David Remnick has a piece in The New Yorker about Al Gore, and it's pretty intentionally depressing in some ways.
Gore, along with no small part of the country, is convinced that had things turned out differently in Florida in 2000, had the conservatives on the Supreme Court not outnumbered the liberals by a single vote, the United States would not be in the condition it’s in: the front page would not be describing chaos in Iraq, record budget deficits, the rollback of numerous environmental initiatives, a diminishment of civil liberties, a curtailment of stem-cell research, an erosion of American prestige abroad. Gore does not admit to any bitterness, but it is plain in nearly every speech he gives; and while the feeling may be partly personal—who could blame him?—it runs to a deeper, more public-minded sentiment than the disappointment of his own, or his father’s, ambitions.I'm sure that's how Mr. Gore sees the situation, and were I him I'd be pretty disgruntled about it too.
"Here you have a guy who worked all his life to achieve the one thing he wanted—to be President of the United States, and it was there, in his grasp," Tony Coelho, Gore’s campaign chairman in 2000, said. "He felt Clinton hurt him, but nevertheless he worked his butt off and brought it off. He won the most votes, by half a million, but then the Supreme Court steps in and it’s gone. It is hard for any of us to understand what that means or how it feels.
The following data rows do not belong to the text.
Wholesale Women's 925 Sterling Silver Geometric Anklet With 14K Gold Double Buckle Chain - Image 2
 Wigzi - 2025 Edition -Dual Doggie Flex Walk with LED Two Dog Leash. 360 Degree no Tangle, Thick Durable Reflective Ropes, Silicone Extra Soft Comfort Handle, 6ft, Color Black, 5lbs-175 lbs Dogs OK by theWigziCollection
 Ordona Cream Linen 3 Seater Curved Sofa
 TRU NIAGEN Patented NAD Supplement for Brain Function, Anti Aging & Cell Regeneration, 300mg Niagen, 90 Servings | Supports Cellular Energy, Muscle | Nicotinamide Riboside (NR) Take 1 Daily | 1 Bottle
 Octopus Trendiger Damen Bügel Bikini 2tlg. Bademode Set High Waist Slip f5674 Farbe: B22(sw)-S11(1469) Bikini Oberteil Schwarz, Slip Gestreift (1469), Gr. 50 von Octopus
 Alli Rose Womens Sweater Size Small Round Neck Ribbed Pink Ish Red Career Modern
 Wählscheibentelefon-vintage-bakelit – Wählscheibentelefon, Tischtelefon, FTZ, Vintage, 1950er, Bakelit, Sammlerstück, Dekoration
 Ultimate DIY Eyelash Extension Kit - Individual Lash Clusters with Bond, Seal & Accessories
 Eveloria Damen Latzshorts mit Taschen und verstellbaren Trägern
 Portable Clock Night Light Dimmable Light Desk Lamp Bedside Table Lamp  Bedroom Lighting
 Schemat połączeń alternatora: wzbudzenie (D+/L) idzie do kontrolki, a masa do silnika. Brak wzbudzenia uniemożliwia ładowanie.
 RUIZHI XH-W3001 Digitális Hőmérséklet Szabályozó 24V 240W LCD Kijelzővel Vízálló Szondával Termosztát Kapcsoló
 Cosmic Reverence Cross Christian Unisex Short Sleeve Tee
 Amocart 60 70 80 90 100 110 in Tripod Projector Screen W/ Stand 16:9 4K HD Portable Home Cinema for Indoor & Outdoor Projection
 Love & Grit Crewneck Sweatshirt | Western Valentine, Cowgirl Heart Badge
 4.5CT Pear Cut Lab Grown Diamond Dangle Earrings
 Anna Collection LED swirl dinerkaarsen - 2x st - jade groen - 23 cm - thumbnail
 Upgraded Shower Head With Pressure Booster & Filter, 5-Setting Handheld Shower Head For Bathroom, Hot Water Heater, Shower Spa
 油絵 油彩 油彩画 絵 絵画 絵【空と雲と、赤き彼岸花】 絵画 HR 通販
The truth is that Gore is really a policy guy, not a political guy, and for him to feel that he was on the cusp of the ultimate policy job, that he could affect policy and the world like no one else, and then nothing—well, imagine that!"
The lesson to be learned, if there is one, is that wanting something and working hard for it doesn't entitle you to actually get it. It's a sad, disappointing fact of life. Is it fair? Well, yeah, I think so. The only alternative would be to compel people to give you what you want when you want it enough, and that certainly wouldn't be just.
There are lots of things I want, that I work hard for, that I may never get. For example, I'm waiting to hear back from some publishers about a manuscript I sent out a couple of months ago. I worked really hard on it, and I think it's pretty good. Does that mean they have to buy it? Of course not.
Now, working your whole life for the presidency and then losing it is probably much worse than possibly not getting a book published, but it's the same general principle. Mr. Gore worked hard and did his best, but in the end the country didn't want him. So it goes.
Even Jesus faced disappointment and sadness in his life, so how can we expect any different?
Isaiah 53:3So when people reject you, just remember, you're not alone in that.
He was despised and rejected by men,
a man of sorrows, and familiar with suffering.
Like one from whom men hide their faces
he was despised, and we esteemed him not.